Work to be completed:
Among the entries below, find the line with "Mercedes-Benz A 200 d", then quote it and each following line up to and including the line with "IS PALESTINE A", and nothing else.

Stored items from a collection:
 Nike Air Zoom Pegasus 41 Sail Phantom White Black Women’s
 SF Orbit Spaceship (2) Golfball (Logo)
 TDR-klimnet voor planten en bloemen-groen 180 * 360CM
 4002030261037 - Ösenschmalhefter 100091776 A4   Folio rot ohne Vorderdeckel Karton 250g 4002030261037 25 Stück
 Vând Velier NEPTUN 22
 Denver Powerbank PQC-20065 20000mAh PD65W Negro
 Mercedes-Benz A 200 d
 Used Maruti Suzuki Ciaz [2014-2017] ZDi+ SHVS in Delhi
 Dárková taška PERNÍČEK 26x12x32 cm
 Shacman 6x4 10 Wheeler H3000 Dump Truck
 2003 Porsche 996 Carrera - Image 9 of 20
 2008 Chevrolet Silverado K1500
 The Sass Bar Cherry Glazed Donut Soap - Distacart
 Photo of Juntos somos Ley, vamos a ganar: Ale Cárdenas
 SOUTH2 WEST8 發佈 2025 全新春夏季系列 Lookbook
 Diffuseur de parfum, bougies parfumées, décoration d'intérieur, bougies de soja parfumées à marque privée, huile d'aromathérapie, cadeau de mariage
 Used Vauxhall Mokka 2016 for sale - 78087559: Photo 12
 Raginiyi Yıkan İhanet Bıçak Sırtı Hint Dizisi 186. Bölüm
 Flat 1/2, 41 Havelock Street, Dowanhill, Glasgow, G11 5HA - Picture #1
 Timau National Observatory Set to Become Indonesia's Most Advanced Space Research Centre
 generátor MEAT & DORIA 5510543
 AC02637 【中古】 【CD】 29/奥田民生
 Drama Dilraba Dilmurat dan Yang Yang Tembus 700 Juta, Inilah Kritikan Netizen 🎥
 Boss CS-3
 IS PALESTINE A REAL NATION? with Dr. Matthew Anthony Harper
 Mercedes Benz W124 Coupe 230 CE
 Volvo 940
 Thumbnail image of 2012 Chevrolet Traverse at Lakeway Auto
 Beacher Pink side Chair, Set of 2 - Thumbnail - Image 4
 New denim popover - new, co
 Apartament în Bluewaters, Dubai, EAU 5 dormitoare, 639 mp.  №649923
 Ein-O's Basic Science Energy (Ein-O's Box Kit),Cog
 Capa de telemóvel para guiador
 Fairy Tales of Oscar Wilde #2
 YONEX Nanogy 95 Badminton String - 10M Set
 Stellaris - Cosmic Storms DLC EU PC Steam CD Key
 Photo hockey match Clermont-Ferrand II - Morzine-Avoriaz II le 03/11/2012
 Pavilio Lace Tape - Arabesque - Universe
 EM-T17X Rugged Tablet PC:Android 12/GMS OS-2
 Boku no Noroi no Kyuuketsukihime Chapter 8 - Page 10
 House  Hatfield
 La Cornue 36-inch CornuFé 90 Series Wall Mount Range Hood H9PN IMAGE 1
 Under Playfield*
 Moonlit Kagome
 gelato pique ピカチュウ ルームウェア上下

Answer space:
 Mercedes-Benz A 200 d
 Used Maruti Suzuki Ciaz [2014-2017] ZDi+ SHVS in Delhi
 Dárková taška PERNÍČEK 26x12x32 cm
 Shacman 6x4 10 Wheeler H3000 Dump Truck
 2003 Porsche 996 Carrera - Image 9 of 20
 2008 Chevrolet Silverado K1500
 The Sass Bar Cherry Glazed Donut Soap - Distacart
 Photo of Juntos somos Ley, vamos a ganar: Ale Cárdenas
 SOUTH2 WEST8 發佈 2025 全新春夏季系列 Lookbook
 Diffuseur de parfum, bougies parfumées, décoration d'intérieur, bougies de soja parfumées à marque privée, huile d'aromathérapie, cadeau de mariage
 Used Vauxhall Mokka 2016 for sale - 78087559: Photo 12
 Raginiyi Yıkan İhanet Bıçak Sırtı Hint Dizisi 186. Bölüm
 Flat 1/2, 41 Havelock Street, Dowanhill, Glasgow, G11 5HA - Picture #1
 Timau National Observatory Set to Become Indonesia's Most Advanced Space Research Centre
 generátor MEAT & DORIA 5510543
 AC02637 【中古】 【CD】 29/奥田民生
 Drama Dilraba Dilmurat dan Yang Yang Tembus 700 Juta, Inilah Kritikan Netizen 🎥
 Boss CS-3
 IS PALESTINE A REAL NATION? with Dr. Matthew Anthony Harper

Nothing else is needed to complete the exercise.